Aber: Das Gros der Zyprioten will sich mit dieser Troika-Strategie, nicht abfinden. Einer, der besonders trotzig gegen den Tod der einheimischen Finanzindustrie kämpft, ist ausgerechnet ein Kirchenmann: Zyperns mächtiger Erzbischof Chrysostomos II. Das agile Kirchenoberhaupt, das sich zuletzt offen für die Option eines Euro-Austritts stark macht, kündigte am Sonntag an, er werde für den Donnerstag russische Unternehmer, die im Inselstaat bereits Aktivitäten entfalten, zu einem Treffen einladen."Ich will dafür werben, dass sie nicht das Land zu verlassen", sagte er. Er wolle die Russen mit dem Argument überzeugen, dass sie in den vergangenen Jahren deutlich höhere Sparzinsen eingestrichen hätten. Mit der Zwangsabgabe würden die Zinserträge einiger Jahre zwar auf einen Schlag vernichtet. Chrysostomos:"Aber in anderen Ländern tendieren die Sparzinsen schon seit langer Zeit gegen Null". Ob sich die russischen Unternehmer von Chrysostomos' Worten überzeugen lassen werden, bleibt abzuwarten. Sergey, der zwar ein in Limassol lebender Russe, aber beileibe kein Oligarch ist, sagt jedenfalls: "Sobald die Banken öffnen, ziehe ich mein Geld ab und bringe es woanders hin - ausserhalb Zyperns."

Rufe nach Troika-Rauswurf
Derweil bläst Zyperns frisch gewähltem Staatspräsidenten Nikos Anastasiadis im Inland der Wind ins Gesicht. Pikant: Die Rufe nach einem Troika-Rauswurf werden hierzulande immer lauter."Die Zeit ist reif, sich völlig von der Troika loszuhaken. Sie hat gezeigt, dass sie nicht mit Wohlwollen nach Zypern gekommen ist. Es ist Zeit, dass sie Zypern wieder verlässt", erklärte Stavros Malas von der linken Akel-Partei. Malas hatte bei der Stichwahl um das Präsidentenamt gegen Anastasiadis 42 Prozent erhalten. Auch der Kandidat Georgios Lillikas, der im ersten Wahlgang immerhin 20 Prozent der Stimmen auf sich vereinte, forderte Anastasiadis dazu auf, kein Abkommen mit der ungeliebten Troika zu schliessen.

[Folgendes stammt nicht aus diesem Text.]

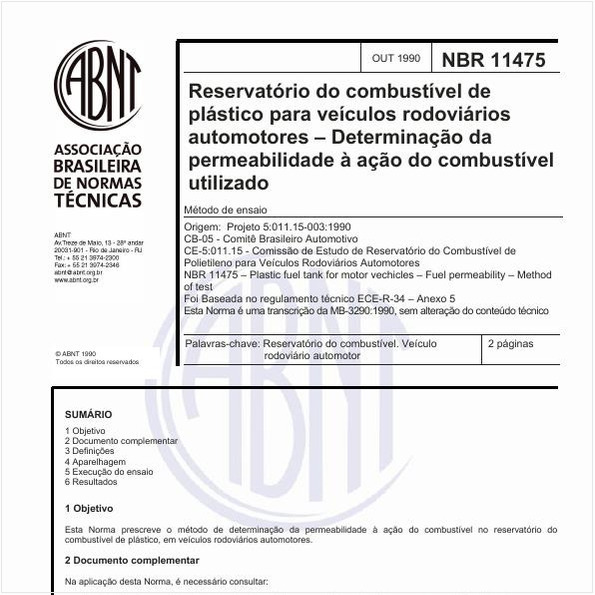 Reservatório do combustível de plástico para veículos rodoviários automotores - Determinação da permeabilidade à ação do combustível utilizado - Método de ensaio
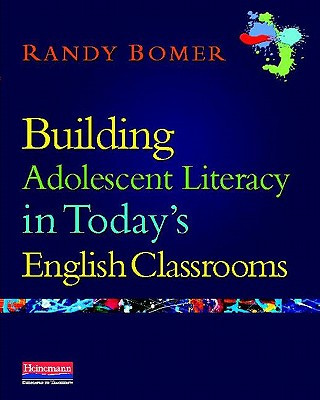 Książka Building Adolescent Literacy in Today's English Classrooms Randy Bomer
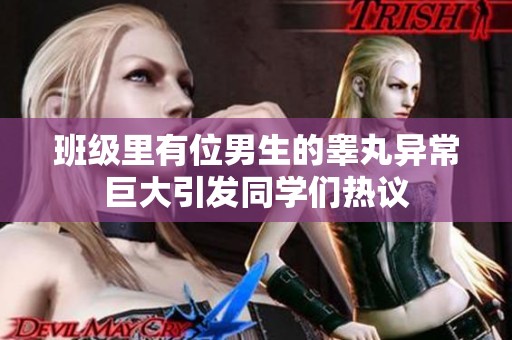 班级里有位男生的睾丸异常巨大引发同学们热议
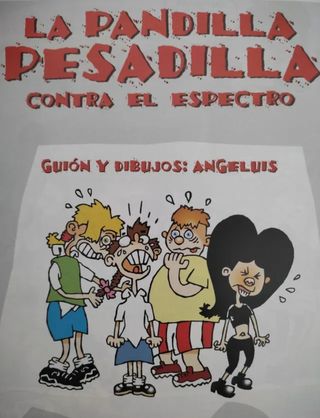 Pandilla pesadilla. Angeluis. Cómic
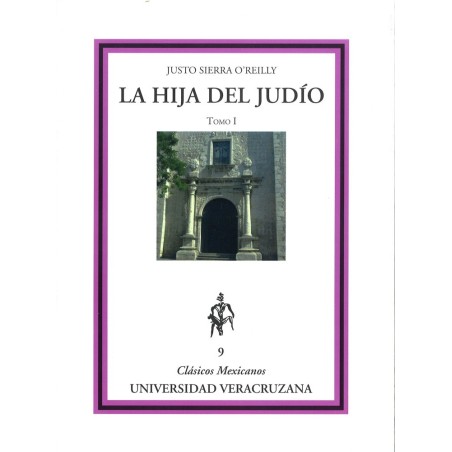 La hija del judío. Tomo I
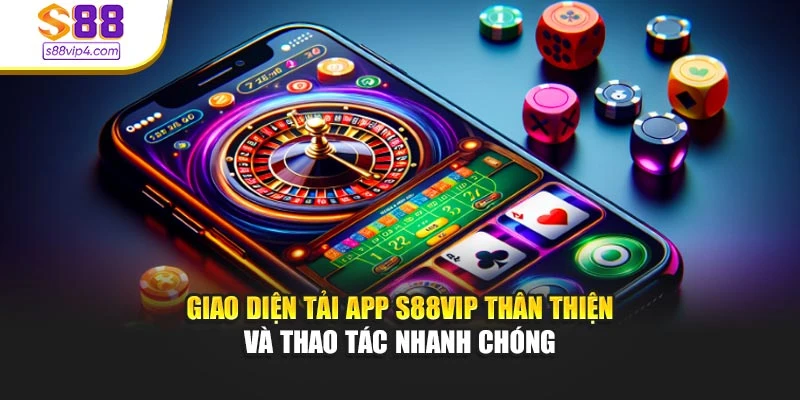 Giao diện tải app S88vip thân thiện và thao tác nhanh chóng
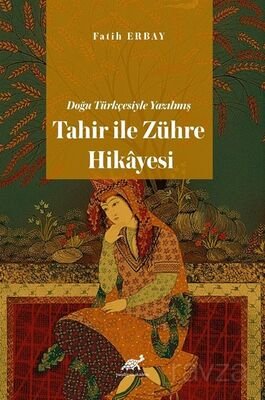 Doğu Türkçesiyle Yazılmış Tahir ile Zühre Hikayesi - 1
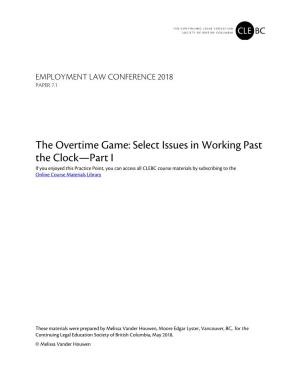 The Overtime Game: Select Issues in Working Past the Clock—Part I
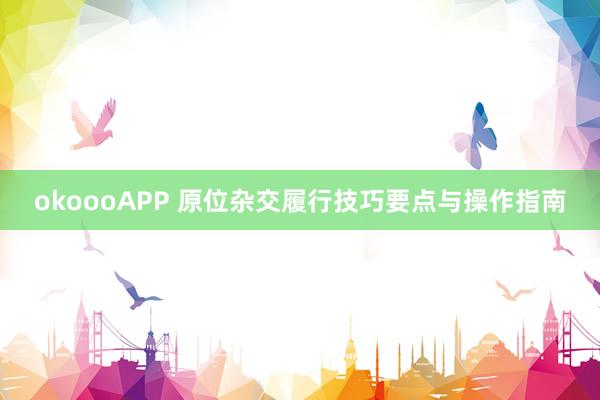 okoooAPP 原位杂交履行技巧要点与操作指南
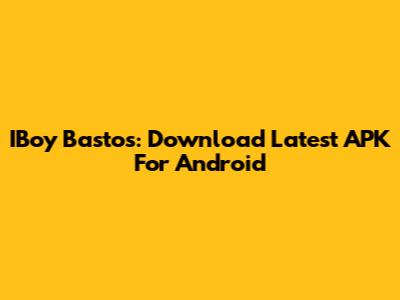IBoy Bastos: Download Latest APK For Android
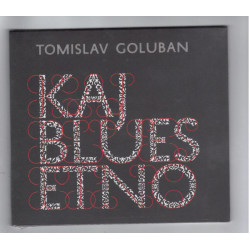 GOLUBAN TOMISLAV - KAJ BLUES ETNO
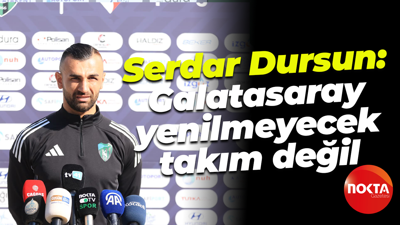 Serdar Dursun: Galatasaray yenilmeyecek takım değil.. Galatasaray'a yine gol atmak isterim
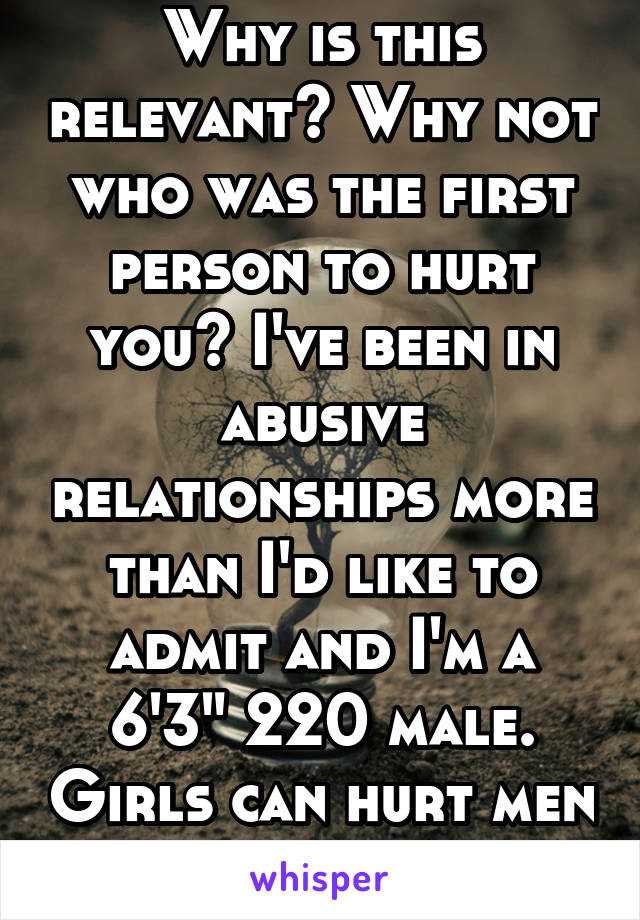 Why is this relevant? Why not who was the first person to hurt you? I've been in abusive relationships more than I'd like to admit and I'm a 6'3" 220 male. Girls can hurt men too.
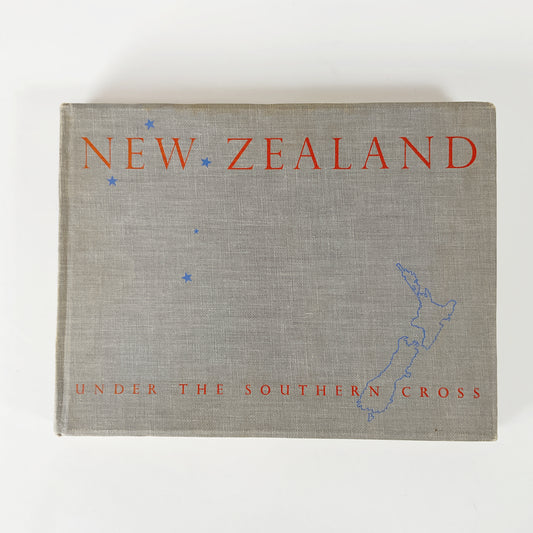 New Zealand: Under the Southern Cross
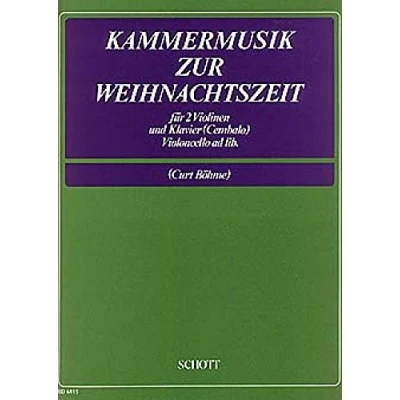 Abbildung von Kammermusik zur Weihnachtszeit: 2 Violinen und Klavier; Violoncello ad libitum (solistisch oder chorisch). Partitur Stimmen.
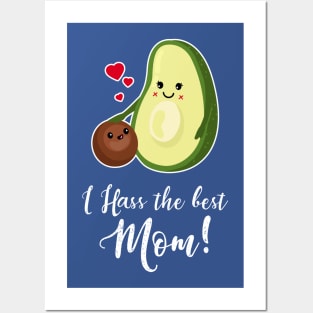 I HASS the best Mom - Cute Avocado Mother's Day Gift Posters and Art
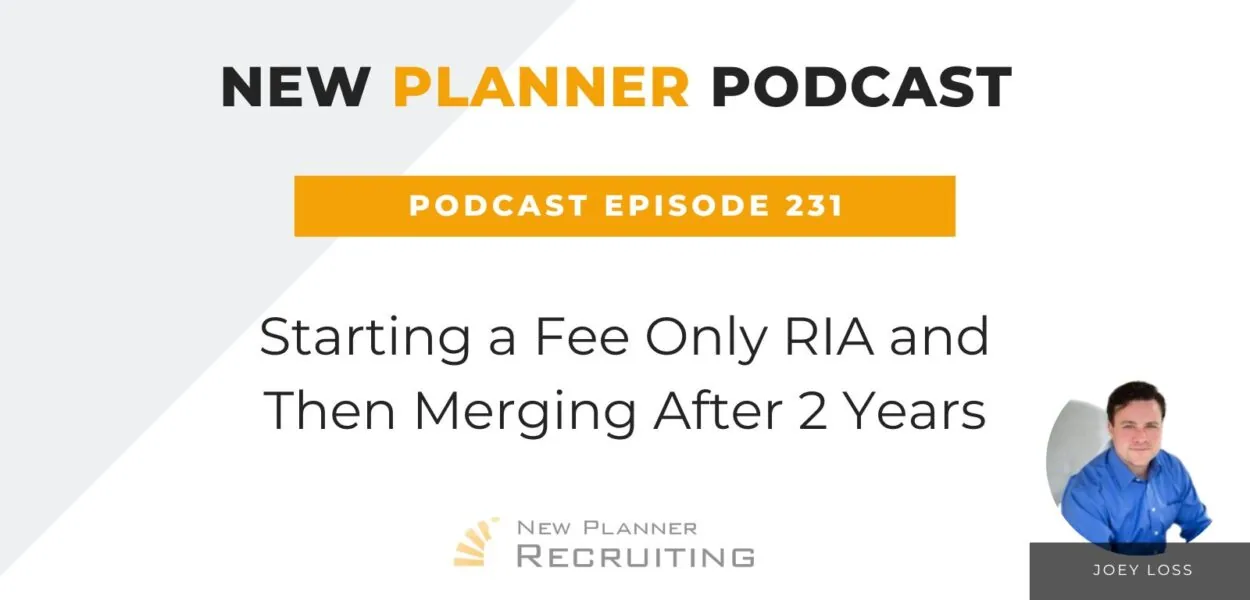 Ep #231: Starting a Fee Only RIA and Then Merging After 2 Years with Joey Loss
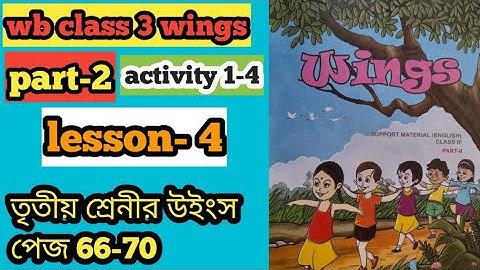 wb class 3 wings part-2/ lesson-4, activity 1-4/page 66-70/তৃতীয় শ্রেণীর উইংস লেশন-4/পেজ 66-70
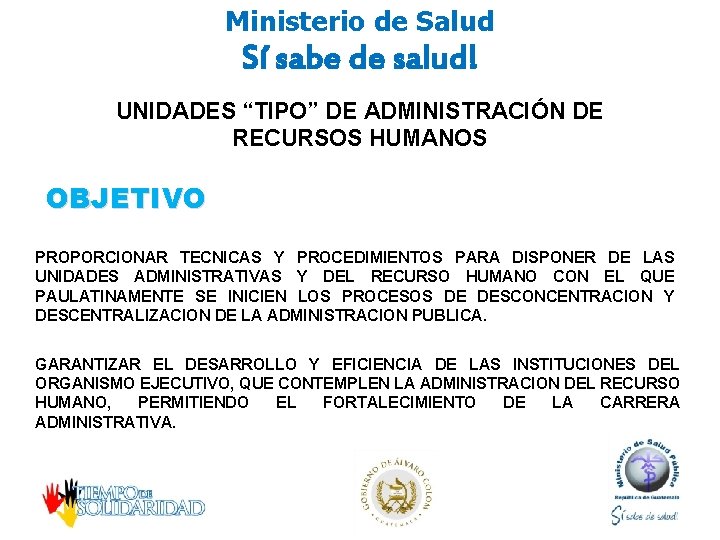 Ministerio de Salud Sí sabe de salud! UNIDADES “TIPO” DE ADMINISTRACIÓN DE RECURSOS HUMANOS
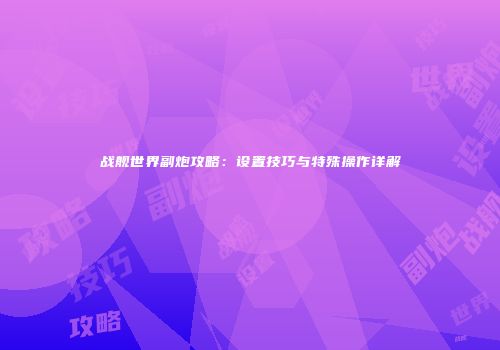 战舰世界副炮攻略：设置技巧与特殊操作详解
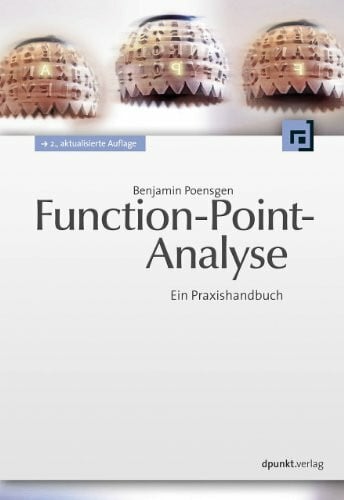 Poensgen, Benjamin Function-Point-Analyse: Ein Praxishandbuch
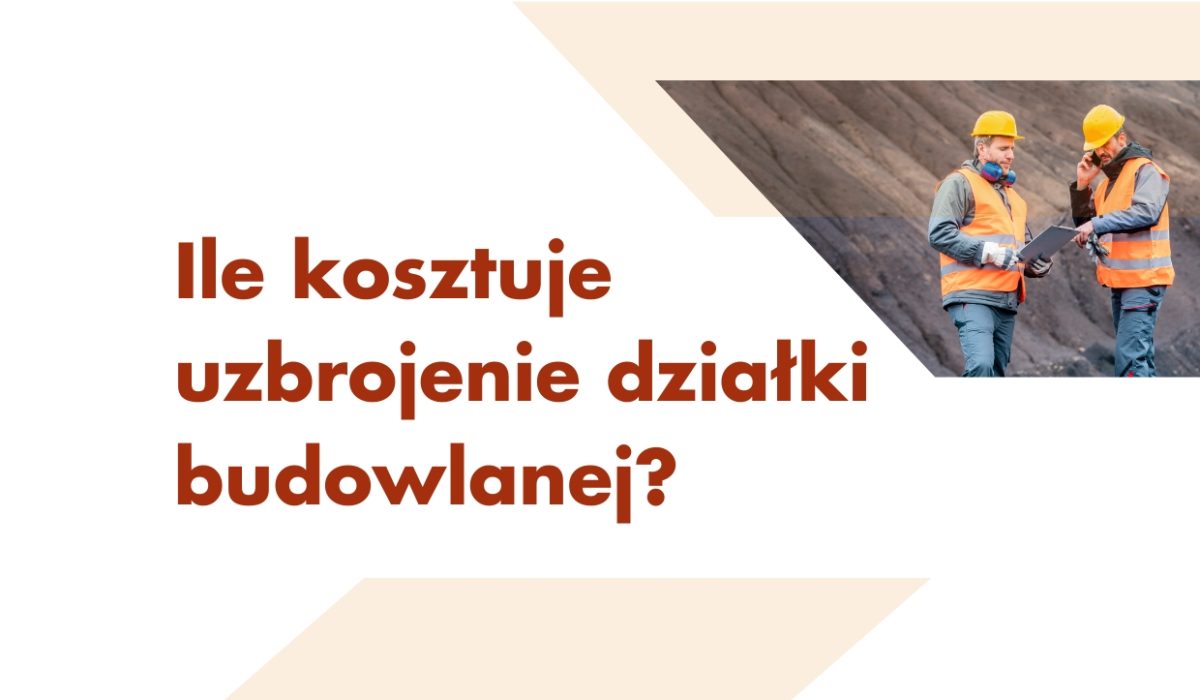 Ile kosztuje uzbrojenie działki budowlanej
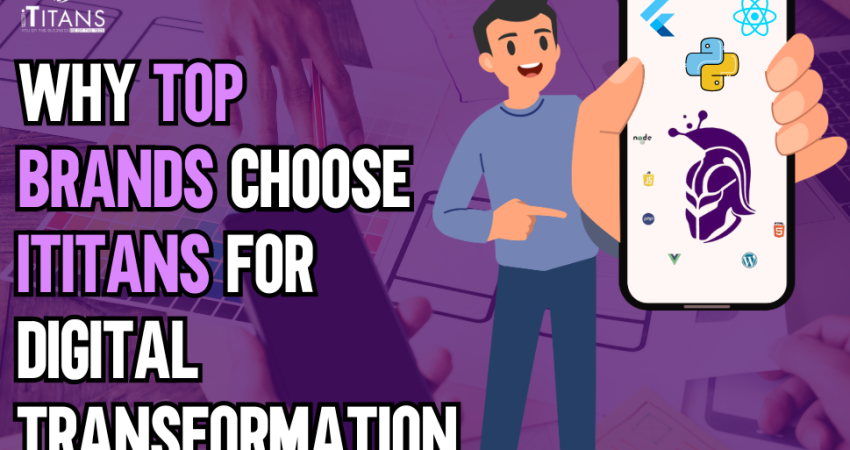 Why Top Brands Choose iTitans for Digital Transformation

Unterdessen haben auch Griechenlands Troika-Gegner im Zuge des Zypern-Thrillers neuen Auftrieb erhalten. Demonstranten im Athener Zentrum bekundeten ihre Solidarität zu Zypern. Ferner forderte Griechenlands führende Oppositionspartei "Bündnis der Radikalen Linken" (Syriza) die Athener Regierung unter Premierminister Antonis Samaras dazu auf, bei der für Sonntag anberaumten Sondersitzung der Eurogruppe mit einem Nein für eine Zypern-Zwangsabgabe zu stimmen. Obendrein übte Ex-Minister Prokopis Pavlopoulos von der konservativen Regierungspartei Nea Dimokratia harsche Kritik an den Zypern-Rettern."Wenn Deutschland starrsinnig diese Krisenpolitik fortsetzt, dann wird sich in Europas Süden nicht nur die Rezession weiter verschärfen. Es wird zudem zu Explosionen kommen. Das wird die Eurozone nicht überleben", sagte er.

Derweil wurde im 900 km entfernten Zypern eine ab Dienstag vorgesehene Rekrutenübung kurzerhand abgesagt. Die Begründung der zypriotischen Streitkräfte: Die Krise im Land. Unweigerlich erinnerte man sich auf der Mittelmeerinsel an den Juli 1974, als die Invasion der Türken in den Norden des Eilands die einheimischen Streitkräfte unvorbereitet traf. In Nikosia gilt in diesen Tagen ohnehin: Da hilft nur noch beten.